Tuesday, January 18, 2011

George Orwell's "Why I Write" a Primer for Aspiring Writers


George Orwell's 1946 essay "Why I Write" is a masterful mix of autobiography, politics, and writing instruction. Aspiring writers would get from this article at the least an inspirational gem and possibly a modus operandi.


In this 2,700-word, highly readable reflection, Orwell implies that the nature of a writer and the drive to write reveal themselves at an early age: “I knew that I had a facility with words and a power of facing unpleasant facts.” He writes that he began writing poetry at age four or five and published in a local newspaper his first poem at eleven. An overarching theme in the childhood segment of this piece is the value of modeling one’s style after admired writers.
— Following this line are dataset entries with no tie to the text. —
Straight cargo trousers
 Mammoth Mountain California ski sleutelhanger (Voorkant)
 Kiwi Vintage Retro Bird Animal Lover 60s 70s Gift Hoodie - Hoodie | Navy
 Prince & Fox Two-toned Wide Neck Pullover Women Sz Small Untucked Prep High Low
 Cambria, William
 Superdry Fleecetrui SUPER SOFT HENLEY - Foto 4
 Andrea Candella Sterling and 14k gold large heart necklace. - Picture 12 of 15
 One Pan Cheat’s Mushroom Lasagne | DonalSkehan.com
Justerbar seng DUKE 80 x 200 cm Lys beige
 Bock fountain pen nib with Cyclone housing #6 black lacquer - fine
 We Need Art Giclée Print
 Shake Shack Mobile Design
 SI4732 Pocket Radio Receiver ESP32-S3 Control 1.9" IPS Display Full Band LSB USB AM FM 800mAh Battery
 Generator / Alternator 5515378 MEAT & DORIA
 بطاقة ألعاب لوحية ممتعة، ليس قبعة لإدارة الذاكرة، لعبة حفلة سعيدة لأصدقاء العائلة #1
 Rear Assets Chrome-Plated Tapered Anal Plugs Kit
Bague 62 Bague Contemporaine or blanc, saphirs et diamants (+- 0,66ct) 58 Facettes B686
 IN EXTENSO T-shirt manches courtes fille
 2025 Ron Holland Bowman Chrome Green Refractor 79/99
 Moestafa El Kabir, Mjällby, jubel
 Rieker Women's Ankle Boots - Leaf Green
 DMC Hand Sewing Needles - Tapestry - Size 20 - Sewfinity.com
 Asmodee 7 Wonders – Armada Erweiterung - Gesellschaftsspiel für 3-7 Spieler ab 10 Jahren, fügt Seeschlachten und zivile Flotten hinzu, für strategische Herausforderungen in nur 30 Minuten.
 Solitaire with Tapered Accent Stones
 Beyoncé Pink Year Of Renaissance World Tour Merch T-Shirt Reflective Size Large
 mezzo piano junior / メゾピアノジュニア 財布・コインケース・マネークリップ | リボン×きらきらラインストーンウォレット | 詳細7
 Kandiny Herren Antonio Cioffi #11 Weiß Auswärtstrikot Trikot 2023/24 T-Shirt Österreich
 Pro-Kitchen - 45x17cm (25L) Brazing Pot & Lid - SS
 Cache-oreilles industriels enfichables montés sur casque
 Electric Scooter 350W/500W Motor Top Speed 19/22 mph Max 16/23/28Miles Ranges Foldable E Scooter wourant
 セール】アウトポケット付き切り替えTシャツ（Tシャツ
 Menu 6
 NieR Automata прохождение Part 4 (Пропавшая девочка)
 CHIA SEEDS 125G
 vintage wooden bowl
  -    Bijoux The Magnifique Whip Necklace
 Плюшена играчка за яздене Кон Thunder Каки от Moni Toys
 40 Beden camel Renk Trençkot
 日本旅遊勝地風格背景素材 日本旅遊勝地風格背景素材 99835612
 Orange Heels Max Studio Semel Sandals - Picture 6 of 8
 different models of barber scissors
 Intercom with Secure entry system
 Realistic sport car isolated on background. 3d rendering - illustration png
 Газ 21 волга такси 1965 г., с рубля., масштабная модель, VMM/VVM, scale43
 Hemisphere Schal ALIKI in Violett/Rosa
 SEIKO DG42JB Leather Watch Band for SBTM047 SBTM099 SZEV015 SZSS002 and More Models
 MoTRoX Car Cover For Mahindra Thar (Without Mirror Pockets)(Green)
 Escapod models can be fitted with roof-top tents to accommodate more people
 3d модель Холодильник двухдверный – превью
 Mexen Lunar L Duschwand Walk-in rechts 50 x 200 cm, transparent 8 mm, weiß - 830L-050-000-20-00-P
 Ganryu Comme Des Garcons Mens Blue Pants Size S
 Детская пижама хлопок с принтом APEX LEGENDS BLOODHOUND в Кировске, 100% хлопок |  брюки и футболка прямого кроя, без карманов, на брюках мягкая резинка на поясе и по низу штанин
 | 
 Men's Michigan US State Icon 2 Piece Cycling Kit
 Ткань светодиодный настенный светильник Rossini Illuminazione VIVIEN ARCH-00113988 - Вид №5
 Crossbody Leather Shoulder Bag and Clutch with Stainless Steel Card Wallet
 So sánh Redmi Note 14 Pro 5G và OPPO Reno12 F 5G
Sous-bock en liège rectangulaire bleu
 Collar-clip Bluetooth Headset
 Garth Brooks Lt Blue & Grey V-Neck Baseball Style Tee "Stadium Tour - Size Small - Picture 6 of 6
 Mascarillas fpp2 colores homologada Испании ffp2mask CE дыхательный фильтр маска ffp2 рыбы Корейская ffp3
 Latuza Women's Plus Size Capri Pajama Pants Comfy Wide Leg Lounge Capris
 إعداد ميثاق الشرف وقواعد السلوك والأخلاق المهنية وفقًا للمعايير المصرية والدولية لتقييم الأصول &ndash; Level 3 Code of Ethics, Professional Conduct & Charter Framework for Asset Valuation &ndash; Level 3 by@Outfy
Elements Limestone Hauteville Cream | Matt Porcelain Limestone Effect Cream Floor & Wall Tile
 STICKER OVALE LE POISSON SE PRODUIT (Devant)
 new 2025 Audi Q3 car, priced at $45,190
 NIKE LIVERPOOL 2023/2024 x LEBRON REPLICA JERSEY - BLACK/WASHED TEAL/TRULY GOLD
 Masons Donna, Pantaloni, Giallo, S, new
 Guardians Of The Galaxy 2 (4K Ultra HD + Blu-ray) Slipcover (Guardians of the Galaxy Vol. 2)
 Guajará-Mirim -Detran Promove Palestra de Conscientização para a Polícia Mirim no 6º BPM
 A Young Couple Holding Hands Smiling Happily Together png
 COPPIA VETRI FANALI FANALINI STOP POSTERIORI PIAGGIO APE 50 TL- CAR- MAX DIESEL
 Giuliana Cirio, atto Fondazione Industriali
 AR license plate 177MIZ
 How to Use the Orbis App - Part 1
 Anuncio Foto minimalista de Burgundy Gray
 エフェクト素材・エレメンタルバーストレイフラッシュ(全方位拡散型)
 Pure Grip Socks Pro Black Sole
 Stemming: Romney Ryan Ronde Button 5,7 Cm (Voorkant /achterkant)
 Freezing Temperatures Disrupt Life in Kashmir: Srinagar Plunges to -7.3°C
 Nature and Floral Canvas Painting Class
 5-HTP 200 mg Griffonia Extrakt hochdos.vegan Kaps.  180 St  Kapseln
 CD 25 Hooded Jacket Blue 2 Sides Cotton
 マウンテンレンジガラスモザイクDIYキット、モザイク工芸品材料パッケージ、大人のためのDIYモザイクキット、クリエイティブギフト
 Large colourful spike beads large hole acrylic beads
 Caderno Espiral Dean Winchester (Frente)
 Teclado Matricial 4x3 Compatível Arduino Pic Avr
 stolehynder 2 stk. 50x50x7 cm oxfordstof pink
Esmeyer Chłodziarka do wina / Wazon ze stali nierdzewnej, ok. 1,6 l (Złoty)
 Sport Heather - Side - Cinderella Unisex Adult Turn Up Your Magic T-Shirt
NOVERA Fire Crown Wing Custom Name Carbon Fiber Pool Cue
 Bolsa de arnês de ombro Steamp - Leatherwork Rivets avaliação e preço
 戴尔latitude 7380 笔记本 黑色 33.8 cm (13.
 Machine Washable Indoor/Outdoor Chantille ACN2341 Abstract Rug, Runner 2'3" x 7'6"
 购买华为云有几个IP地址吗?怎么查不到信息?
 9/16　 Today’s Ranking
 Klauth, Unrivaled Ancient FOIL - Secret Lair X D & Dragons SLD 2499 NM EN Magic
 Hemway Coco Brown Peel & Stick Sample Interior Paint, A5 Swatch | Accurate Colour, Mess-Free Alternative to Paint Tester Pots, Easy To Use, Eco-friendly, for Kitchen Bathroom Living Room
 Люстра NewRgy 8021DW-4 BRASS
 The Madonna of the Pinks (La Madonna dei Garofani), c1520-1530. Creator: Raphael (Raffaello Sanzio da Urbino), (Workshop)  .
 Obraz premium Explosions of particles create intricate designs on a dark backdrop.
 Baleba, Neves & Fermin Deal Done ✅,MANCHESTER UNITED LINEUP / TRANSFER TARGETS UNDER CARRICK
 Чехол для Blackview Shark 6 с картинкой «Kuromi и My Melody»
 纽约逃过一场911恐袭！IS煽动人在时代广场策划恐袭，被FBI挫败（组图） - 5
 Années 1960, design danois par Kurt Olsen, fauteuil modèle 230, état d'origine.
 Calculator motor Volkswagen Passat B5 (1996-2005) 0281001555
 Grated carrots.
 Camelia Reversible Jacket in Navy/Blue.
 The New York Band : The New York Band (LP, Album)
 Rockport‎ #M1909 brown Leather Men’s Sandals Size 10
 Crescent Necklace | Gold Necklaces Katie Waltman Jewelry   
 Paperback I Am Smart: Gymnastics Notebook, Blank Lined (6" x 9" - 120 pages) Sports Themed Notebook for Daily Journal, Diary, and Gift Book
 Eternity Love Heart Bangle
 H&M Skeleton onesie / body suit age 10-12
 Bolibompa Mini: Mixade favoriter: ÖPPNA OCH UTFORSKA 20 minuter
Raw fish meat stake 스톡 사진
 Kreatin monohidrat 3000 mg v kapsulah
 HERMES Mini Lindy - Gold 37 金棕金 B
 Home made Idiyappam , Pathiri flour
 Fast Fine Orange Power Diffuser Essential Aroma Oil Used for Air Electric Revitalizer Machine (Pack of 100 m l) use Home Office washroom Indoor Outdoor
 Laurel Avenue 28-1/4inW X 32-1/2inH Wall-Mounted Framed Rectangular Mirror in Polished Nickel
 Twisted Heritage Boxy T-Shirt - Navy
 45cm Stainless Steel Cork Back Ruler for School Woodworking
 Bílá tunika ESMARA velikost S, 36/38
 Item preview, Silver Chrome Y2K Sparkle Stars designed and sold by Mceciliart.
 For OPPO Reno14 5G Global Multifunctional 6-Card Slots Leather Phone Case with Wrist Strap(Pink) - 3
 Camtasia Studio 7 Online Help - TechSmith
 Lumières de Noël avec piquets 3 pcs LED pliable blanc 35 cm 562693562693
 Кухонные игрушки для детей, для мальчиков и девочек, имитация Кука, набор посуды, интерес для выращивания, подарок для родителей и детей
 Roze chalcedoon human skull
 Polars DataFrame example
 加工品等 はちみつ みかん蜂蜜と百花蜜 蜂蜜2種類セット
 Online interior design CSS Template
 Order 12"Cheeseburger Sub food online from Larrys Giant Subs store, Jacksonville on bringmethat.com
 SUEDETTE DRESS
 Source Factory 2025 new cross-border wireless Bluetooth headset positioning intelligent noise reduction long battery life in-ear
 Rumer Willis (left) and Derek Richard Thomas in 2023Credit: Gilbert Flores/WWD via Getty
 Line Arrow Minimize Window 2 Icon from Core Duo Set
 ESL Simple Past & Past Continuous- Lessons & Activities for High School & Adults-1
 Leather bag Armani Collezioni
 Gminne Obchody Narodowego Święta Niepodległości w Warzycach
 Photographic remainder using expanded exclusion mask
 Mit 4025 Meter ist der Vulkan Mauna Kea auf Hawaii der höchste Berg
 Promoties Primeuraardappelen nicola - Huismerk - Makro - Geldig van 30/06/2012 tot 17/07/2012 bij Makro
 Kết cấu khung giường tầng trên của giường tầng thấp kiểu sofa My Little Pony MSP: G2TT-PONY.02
Orwell’s four great motives for writing prose are what he calls sheer egoism, aesthetic enthusiasm, historical impulse, and political purpose, concluding: "What I have most wanted to do throughout the past ten years is to make political writing into an art. My starting point is always a feeling of partisanship, a sense of injustice. When I sit down to write a book, I do not say to myself, ‘I am going to produce a work of art’. I write it because there is some lie that I want to expose, some fact to which I want to draw attention, and my initial concern is to get a hearing."


And that he achieved supremely. Despite dying at age 46, Orwell wrote voluminously on causes of social justice, and he did so with great style to boot, most famously with Animal Farm and 1984. My favorite quote from the essay comes in the final paragraph: "One can write nothing readable unless one constantly struggles to efface one’s own personality. Good prose is like a windowpane."